Alvin Ailey Dance Theatre

After 5 years, the Alvin Ailey Dance Theatre are back, under the directorship of Robert Battle, with four works; they astonish, engage, and are utterly incredible.

Based in New York, and founded in 1958 by choreographer and dancer, Alvin Ailey, the Ailey Dance Theatre “celebrates the uniqueness of the African-American cultural experience and the preservation and enrichment  of the American modern dance heritage”. The company today continues Ailey’s mission in drawing on “blood memories”, through presenting iconic works of the past and creating new ones. Their reputation is hugely established globally, and this it is clear why when one experiences the work of the dancers and choreographers.


The night opens with Exodus, choreographed by acclaimed hip hop choreographer, Rennie Harris.

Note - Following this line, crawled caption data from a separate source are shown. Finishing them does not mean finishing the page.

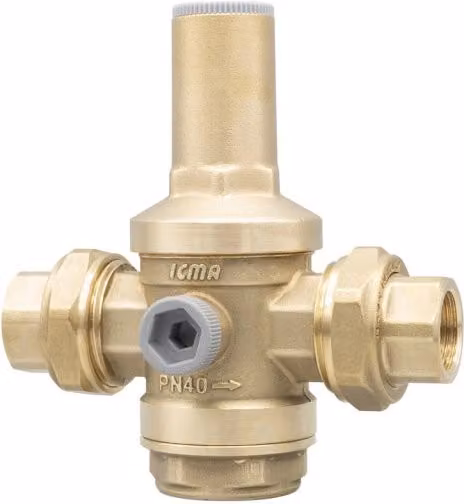 Riduttore Di Pressione 2" Per Acqua ICMA Art.245 Attacco Femmina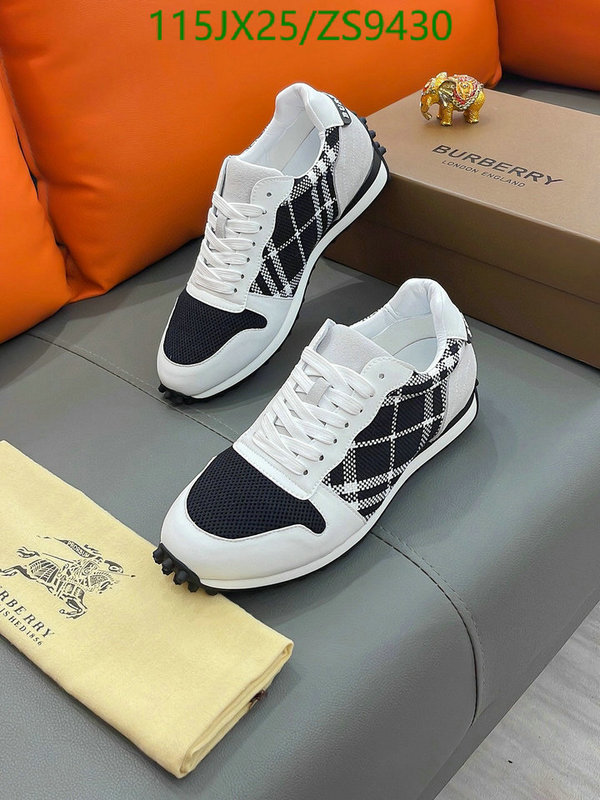 Men shoes-Burberry, Code: ZS9430,$: 115USD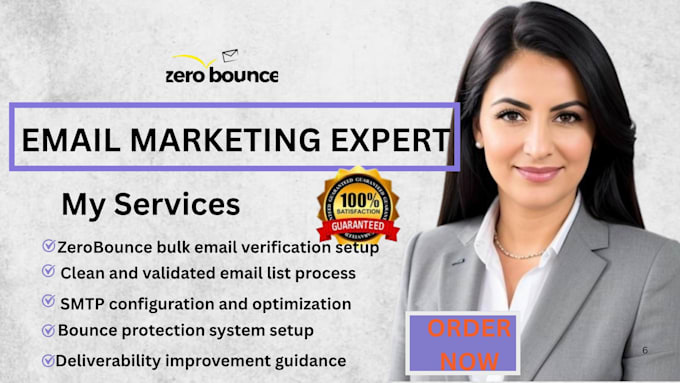 setup zerobounce bulk verification bounce protection smtp email deliverability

The piece explores the idea of ‘exodus’, from ignorance to conformity, to the steps towards enlightenment. Including poetic narration, and contrasts in light and dark, Exodus was a striking and engaging opening piece. Second, comes Four Corners, with dancers as spiritual seekers and four angels – choreographed by Ronald K. Brown. Four Corners is beautiful, emotive and poignant, full of rise and fall, and complexity. Following from Four Corners is After the Rain Pas de Deux. Christopher Wheeldon’s choreography left me in genuine tears. Gentle but startling, the duet is intricate and truly emotive. The night ends with Revelations, described as a “cultural treasure”, and as one of the oldest pieces in the company’s repertoire, is a true crowd-favourite.


Together, the pieces astound, but also maintain their individuality, each telling their own story. Throughout, African beats push the performances forward, and provide a truly exciting and actually surprising motif. To see African-American culture so richly and proudly represented is sadly something which is more unusual than it should be.


The blend of hip hop, house music, gospel and traditional African music is addictive and this is added to by the sheer complexity of each piece. Repetitive, but never dull, the work is often almost hypnotic. The audience is left breathless by the whirlwind of emotions, skill and passion presented to them on stage, and the two hour performance leaves us wanting more. There is so much going on, I long to see the piece again and again, to catch every beautiful, intricate details in and of the movements.


Essentially, the Alvin Ailey Dance Theatre are unmissable. The talent of the company, along with the incredible and complex choreography and the richness of their history, is truly awe-inspiring. I laughed, I cried and I was inspired. I urge you to experience the company for yourself if you get the chance. There isn’t an experience like it.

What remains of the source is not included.